In the end, it came down to deciding that we were better off apart.

The wife runs a home business that has been ongoing for almost the length of the marraige. Originally when we were married, she had a good job and shared in the expenses of the home. One day she cam home crying and I could tell how bad this job was hurting her, so I went with the home business she wanted since it was something that made her feel good and I made a decent living.

Over time, I could see that the business was not capable of supporting itself, and told her such. She asked for more time and turned into more grief than I needed, so I let her work on her biz while I worked at mine. 12 years later it's still not good. 

Along the way she engaged with a group that talks of spiritual support, angels, and destiny, and all other sorts of angles. She's really gotten strange, to the extent even that her mom is coming to me crying because she can't talk to her own daughter.

It all boils down to her suddenly telling me that she wants to start a new life on her own. She suddenly wakes up and realizes her biz isn't cutting it, and she makes a beeline to what I've been working my ass to tuck away since I was still thinking that we'd be living on my income. My income was enough for a nice life, but because I paid for everything, saving are etremely limited. 

I've asked her about getting a job to suppport this new life, but the only response seems to be her putting a lot of energy into going after me.

I feel like her personal piggy bank.

I supported her all through these 12 years of marraige.

And in the end I get stabbed in the back.

It's killing me sitting here waiting for her response to what she wants! I can't move forward because we need to sell the house first, and I can't move back.

Other than waiting for her response, is there anything you would suggest doing?

Thanks for listening.


----------



## DTO (Dec 18, 2011)

You need to cut her off and get an attorney. You tell him/her exactly what your wife has told you, then you say your priority is divorce with maximum asset preservation (some will assume this, some will ask what you want). After you have done what you are told, you tell your wife that her new life is going to be apart from you and on her own dime.

You are very fortunate in that your wife has told you exactly where she stands. Many men have stories about how their wives and exes bled them dry for years while hiding their true motives. She has nothing to gain by telling you she's better off alone before moving against your money; it would be very unwise to assume this is not her true feeling.

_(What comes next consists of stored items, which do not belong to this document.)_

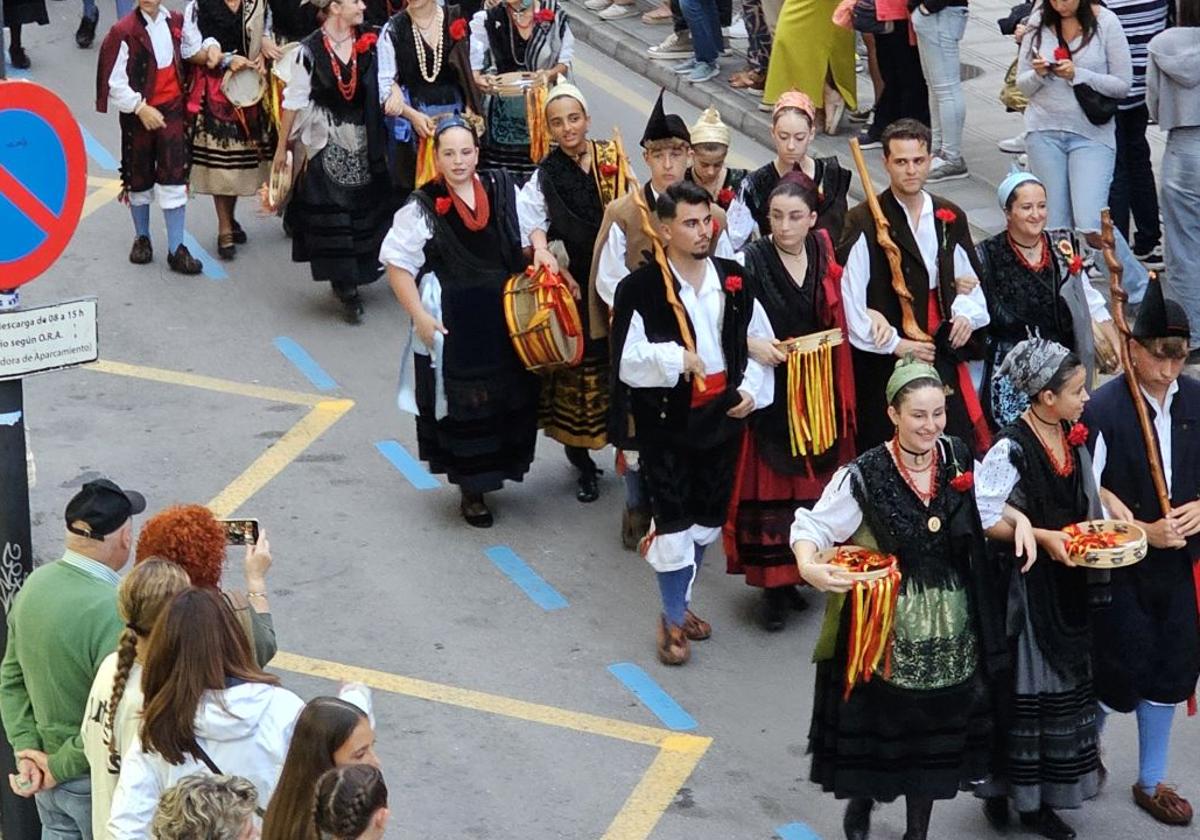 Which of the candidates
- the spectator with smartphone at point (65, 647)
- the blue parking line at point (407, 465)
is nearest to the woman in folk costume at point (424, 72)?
the blue parking line at point (407, 465)

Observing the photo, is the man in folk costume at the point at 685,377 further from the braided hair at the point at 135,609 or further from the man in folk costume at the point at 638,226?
the braided hair at the point at 135,609

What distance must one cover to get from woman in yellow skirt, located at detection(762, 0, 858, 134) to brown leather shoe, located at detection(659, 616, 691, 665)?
20.2 feet

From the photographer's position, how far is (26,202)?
6.85 metres

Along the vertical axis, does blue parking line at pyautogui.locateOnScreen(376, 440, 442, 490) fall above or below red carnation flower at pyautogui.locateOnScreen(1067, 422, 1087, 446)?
below

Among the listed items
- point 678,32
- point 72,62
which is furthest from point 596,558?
point 72,62

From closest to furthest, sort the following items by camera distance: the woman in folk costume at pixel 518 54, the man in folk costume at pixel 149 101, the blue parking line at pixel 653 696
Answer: the blue parking line at pixel 653 696 < the woman in folk costume at pixel 518 54 < the man in folk costume at pixel 149 101

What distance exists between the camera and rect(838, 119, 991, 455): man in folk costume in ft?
28.9

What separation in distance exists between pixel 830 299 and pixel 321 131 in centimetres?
411

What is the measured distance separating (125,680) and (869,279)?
3942 mm

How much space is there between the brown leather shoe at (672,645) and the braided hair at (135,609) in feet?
Answer: 10.7

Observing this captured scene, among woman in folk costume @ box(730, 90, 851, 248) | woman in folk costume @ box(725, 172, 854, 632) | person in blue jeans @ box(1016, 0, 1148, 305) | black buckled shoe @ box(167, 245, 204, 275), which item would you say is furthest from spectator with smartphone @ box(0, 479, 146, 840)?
black buckled shoe @ box(167, 245, 204, 275)

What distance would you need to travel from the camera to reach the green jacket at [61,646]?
6375 mm

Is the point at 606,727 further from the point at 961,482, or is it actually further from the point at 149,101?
the point at 149,101

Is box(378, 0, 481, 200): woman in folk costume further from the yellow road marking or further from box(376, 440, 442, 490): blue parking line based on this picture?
the yellow road marking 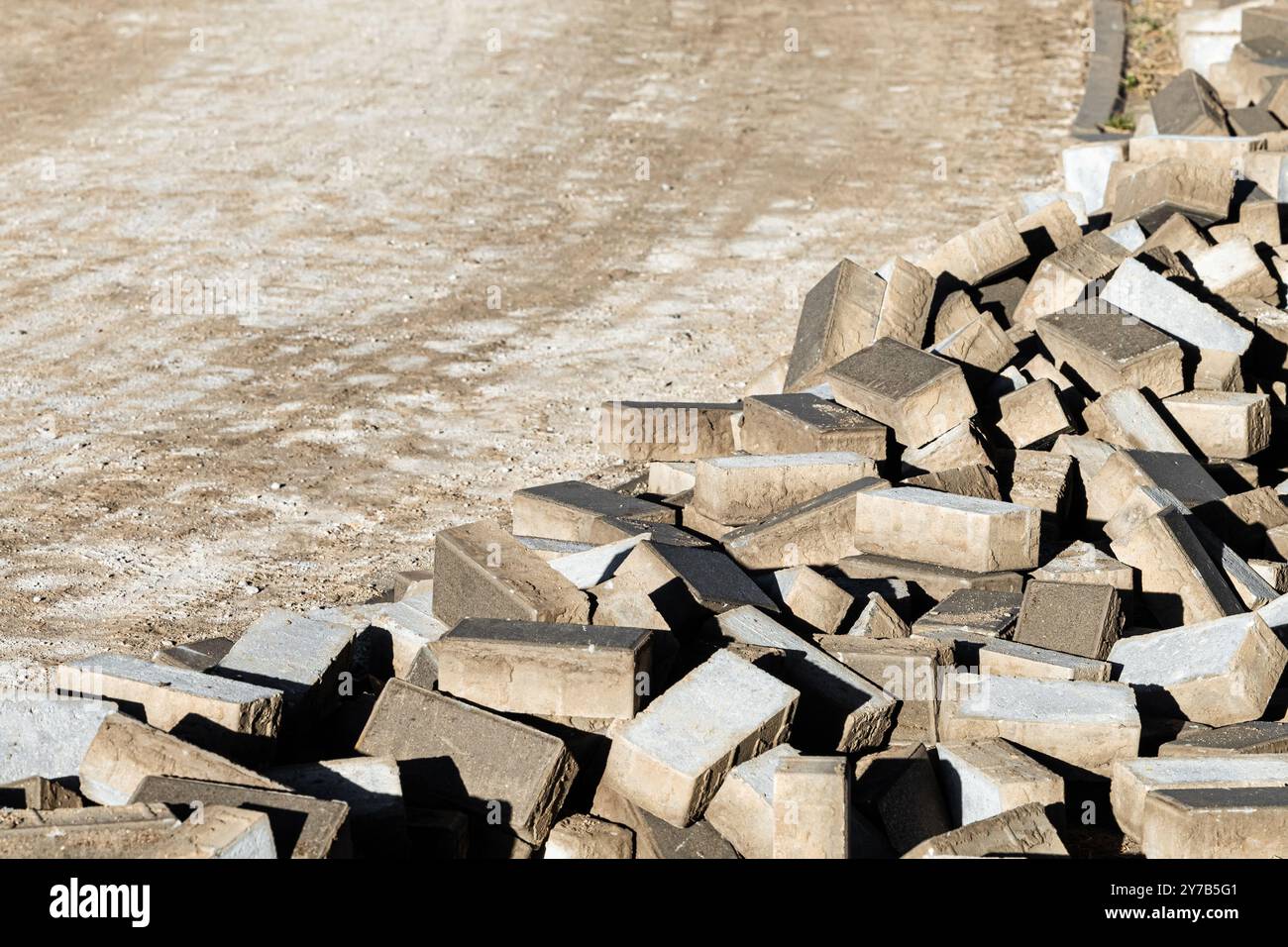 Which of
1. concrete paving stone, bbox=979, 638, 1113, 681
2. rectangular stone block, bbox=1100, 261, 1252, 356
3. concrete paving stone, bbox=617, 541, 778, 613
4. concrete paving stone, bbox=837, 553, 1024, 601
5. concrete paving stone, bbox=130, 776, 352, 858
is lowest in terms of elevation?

And, even on the off-chance she is just trying to shake things up (she seems unhappy and to be trying to search for rather than generate that happiness) you don't have to divorce if she wants to reconcile. OTOH, if she gets offended that you are protecting yourself and not letting her do her own thing on your dime, do you really want her around?


----------



## anchorwatch (Mar 5, 2012)

She told you what she wants. Give it to her. See a lawyer and start divorce proceedings. Protect your finances. Cut her access off to your monies. Do not give her any money. Only pay for food and the house. If she has a cell phone, car, gym membership, ect don't pay for them. She wants to be on her own, that does not mean you have to underwrite her new life style. Tell her there is wonderful world on the other side of your front door and she's welcome to it, on her own. A bit of that should shake her up. If not at least she won't bring you down with her.


----------



## Agast84 (Dec 26, 2011)

I agree with anchorwatch, protect your money, but do not give her any more than what she needs. Cutting her off from food and housing will not make you look good. Get with a lawyer before you make any choices though. They will be better equipped to help you.


----------



## Feelused (Sep 2, 2012)

Thanks for the input guys ... your support makes a big difference.

I'm seeing a lawyer this week, and I'll fill him in on whats been asked by her, and how to get the speration agreement moving forward.

Whats your thought on selling the home at this time? I mean is it better to sell, split 50 /50 (if she goes for it), or get the lawyer involved first and incorperate the split into the agreement? 

I ask this because once the house is sold, it givers her a money pool to work with?

We sleep on different floors, but anyone who didn't know use would never guess there was anything wrong.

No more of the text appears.